Comparison with Capitalism: The Jajmani system is often contrasted with capitalism, which is based on market exchange and profit-driven motives. Unlike capitalism, the Jajmani system is embedded in social relations and governed by norms of reciprocity and obligation. Jajmans provide patronage to kaminas not for profit but as a duty towards their caste and tradition. Kaminas, in turn, are obligated to provide services to jajmans, regardless of their profitability or market demand. This creates a system of social solidarity that is absent in capitalism, where economic relations are impersonal and market-driven.
Comparison with Feudalism: The Jajmani system is also compared to feudalism, which was prevalent in medieval Europe. Feudalism was characterized by a system of hierarchical relationships between lords and vassals, where lords provided protection to vassals in exchange for loyalty and services. Similarly, the Jajmani system involves a hierarchical relationship between jajmans and kaminas, where jajmans provide patronage and protection to kaminas in exchange for services and loyalty. However, unlike feudalism, the Jajmani system is not based on land ownership or military power, but on caste and tradition.

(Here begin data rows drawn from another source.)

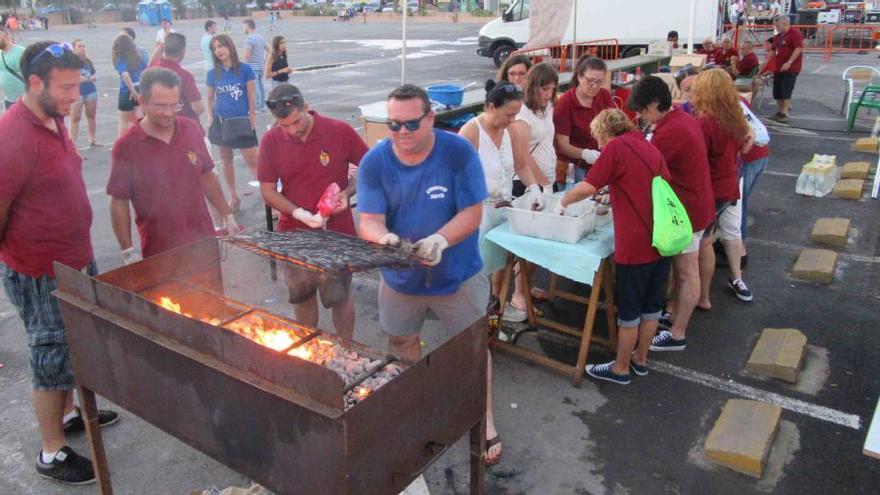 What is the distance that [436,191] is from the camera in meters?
2.94

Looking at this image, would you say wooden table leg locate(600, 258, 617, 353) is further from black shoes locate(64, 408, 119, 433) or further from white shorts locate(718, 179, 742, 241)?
black shoes locate(64, 408, 119, 433)

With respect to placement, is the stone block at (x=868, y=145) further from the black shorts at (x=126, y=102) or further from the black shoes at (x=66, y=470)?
the black shoes at (x=66, y=470)

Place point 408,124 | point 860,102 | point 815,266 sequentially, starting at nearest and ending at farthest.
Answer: point 408,124 → point 815,266 → point 860,102

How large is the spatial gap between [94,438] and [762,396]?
3.70m

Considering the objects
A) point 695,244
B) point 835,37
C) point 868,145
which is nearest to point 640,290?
point 695,244

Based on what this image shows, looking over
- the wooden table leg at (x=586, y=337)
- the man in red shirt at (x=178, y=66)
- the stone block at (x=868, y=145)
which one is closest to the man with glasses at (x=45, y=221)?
the wooden table leg at (x=586, y=337)

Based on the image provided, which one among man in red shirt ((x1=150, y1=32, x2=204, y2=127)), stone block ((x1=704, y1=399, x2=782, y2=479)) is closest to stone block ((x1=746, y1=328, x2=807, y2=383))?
stone block ((x1=704, y1=399, x2=782, y2=479))

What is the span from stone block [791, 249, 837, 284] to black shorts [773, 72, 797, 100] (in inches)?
279

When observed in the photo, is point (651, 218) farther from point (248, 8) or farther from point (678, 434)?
point (248, 8)

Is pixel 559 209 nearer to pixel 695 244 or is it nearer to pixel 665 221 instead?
pixel 665 221

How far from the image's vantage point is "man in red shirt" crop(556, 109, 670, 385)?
143 inches

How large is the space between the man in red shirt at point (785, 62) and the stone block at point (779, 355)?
883cm

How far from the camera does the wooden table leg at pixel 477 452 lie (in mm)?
2838

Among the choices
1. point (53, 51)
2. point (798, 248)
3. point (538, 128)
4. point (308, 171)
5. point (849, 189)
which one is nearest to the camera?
point (53, 51)
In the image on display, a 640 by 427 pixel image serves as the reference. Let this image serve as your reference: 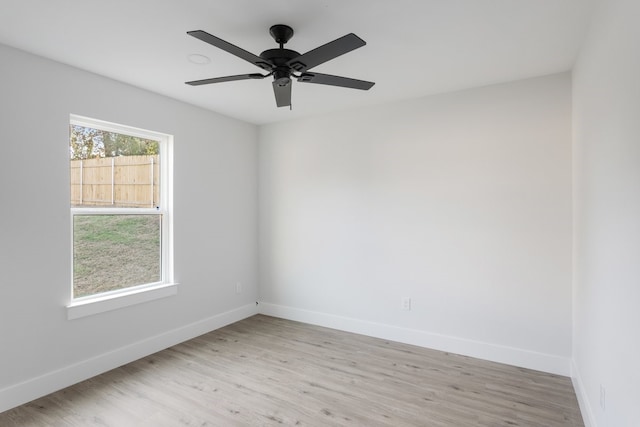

Comparison with Gift Economy: The Jajmani system is sometimes classified as a gift economy, which is based on reciprocal exchange of goods and services without the use of money. In a gift economy, individuals give gifts to each other as a sign of respect, gratitude, or social obligation. The Jajmani system also involves the exchange of goods and services without the use of money, but it is based on a hierarchical relationship between jajmans and kaminas, rather than on equal reciprocity between individuals. Moreover, the Jajmani system is not purely based on gifts, as jajmans provide patronage to kaminas in return for services that are expected to be rendered.
Comparison with Modern Wage Labor: The Jajmani system is compared to modern wage labor, which is based on the exchange of labor for wages. Wage labor is a contractual relationship between employers and employees, where employers pay wages to employees for their labor. Unlike wage labor, the Jajmani system is not based on a contractual relationship, as jajmans and kaminas are linked by caste and tradition rather than by a legal agreement. Moreover, the Jajmani system is not based on the principle of individual labor or productivity, as kaminas provide services to jajmans as a caste obligation rather than as a means of earning a livelihood.
In conclusion, the Jajmani system is a unique economic system that is distinct from capitalism, feudalism, gift economy, and modern wage labor. It is based on hierarchical relationships between castes, where jajmans provide patronage and protection to kaminas in exchange for services and loyalty. The Jajmani system is embedded in social relations and governed by norms of reciprocity and obligation, creating a system of social solidarity that is absent in market-driven economies. The comparative analysis of the Jajmani system with other economic systems highlights its unique features and its implications for social and economic development.